Deep learning and identification of active subsystems

Genes involved in the same biological process or phenotype often form connected subnetworks[5,21]. By exploiting this property, network propagation algorithms flow information across genes through molecular networks (i.e., genes connected by interactions such as protein-protein interactions, genetic interactions, gene co-expression, etc.) to identify active subsystems and discover their other gene members. These approaches are useful for functional annotation of genes, drug target identification, and inference of genes associated with complex diseases[5,21,22]. A variety of propagation algorithms have been developed by making different assumptions about the flow of information on the molecular networks. However, a more flexible propagation framework would allow the adoption of information flow dynamics based on the properties of the underlying network (e.g., network size, interaction density or interaction type) and the connection pattern of molecules involved in the subsystem of interest (e.g., genes involved in a detailed biological process versus those participating in cancer progression).

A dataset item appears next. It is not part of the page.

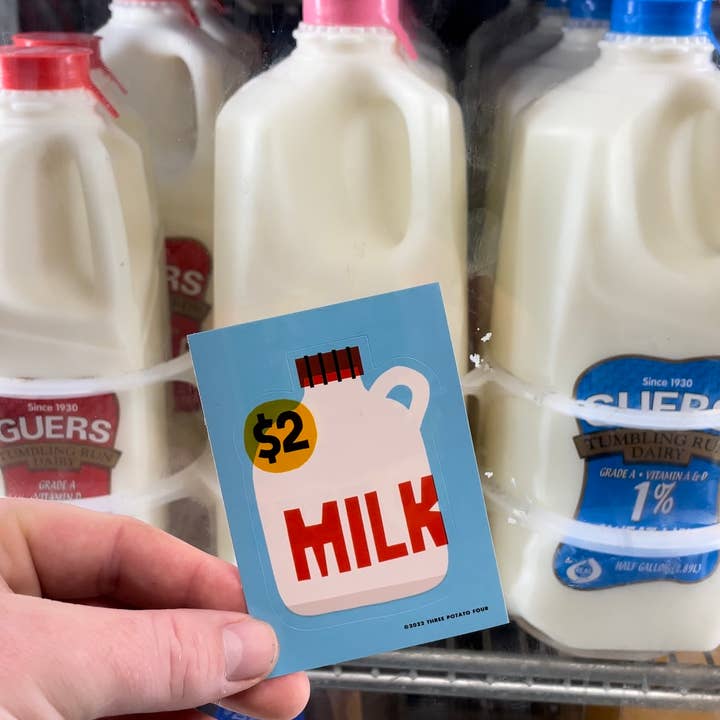 Three Potato Four - Vente Présentoir – papeterie et articles fantaisie - Boîte de vente au détail de 24 packs de cartes autocollantes Corner Store5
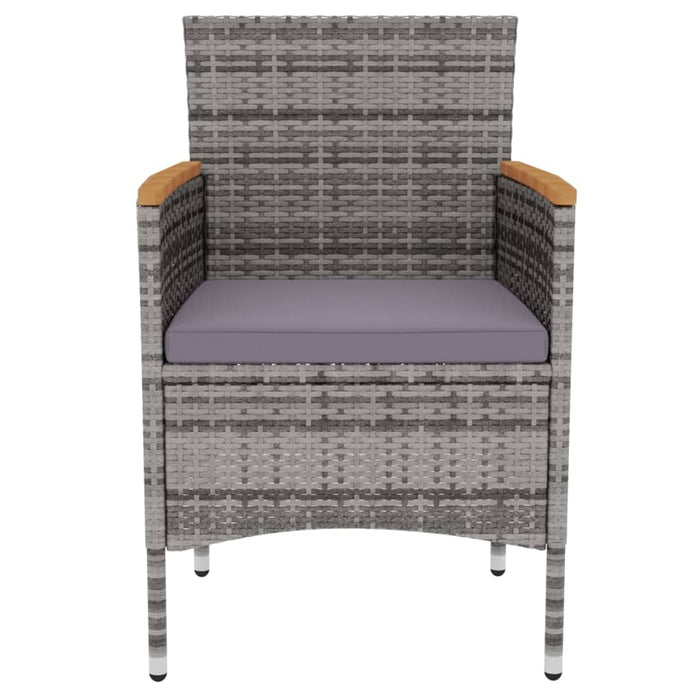 Set mobilier de grădină, 3 piese, gri, poliratan - WALTI WALTI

Recent advances enable network propagation in the context of neural networks[2327]. For example, in a simple yet effective DNN architecture, each gene is connected to itself and its interacting partners from the previous layer (Figure 1c) [23]. Therefore, at each propagation layer, genes receive information from their neighbors while retaining some of their own. This parallels the traditional network propagation techniques where signals shared among interacting neighbors are amplified, while suppressing noise and false positives in the input data. However, the DNN model has more flexibility in three ways. First, although the structure of propagation layers is dictated by the existing network level information, the coefficients (i.e., parameters) controlling the network propagation is automatically learned from input training data and the topology of the encoding network. Second, by varying the number of stacked propagation layers, one can obtain network propagation machineries of different flexibility. The number of propagation layers is effectively a model hyperparameter and can be optimized by well-established techniques such as cross validation. Third, one can easily instruct the learning algorithm to assign different propagation coefficients based on the amount of available training data. More specifically, the model can consider different propagation coefficients for different genes or the propagation coefficients can be tied to one another based on the interaction type. For example, all gene regulatory interactions could share the same coefficient, while different than those of physical binding interactions. GraphSAGE presents an alternative framework wherein a DNN model is trained to predict a node role based on the functions of its first and second degree neighbors in the network[27]. Under this framework, one can train a GraphSAGE DNN model on well annotated networks and apply it on other networks, a task that is not feasible by traditional network propagation algorithms. Authors indeed explored this by training a GraphSAGE DNN model on some tissue specific gene networks and showed that the trained DNN model can predict the functions of genes in networks from other tissues[27].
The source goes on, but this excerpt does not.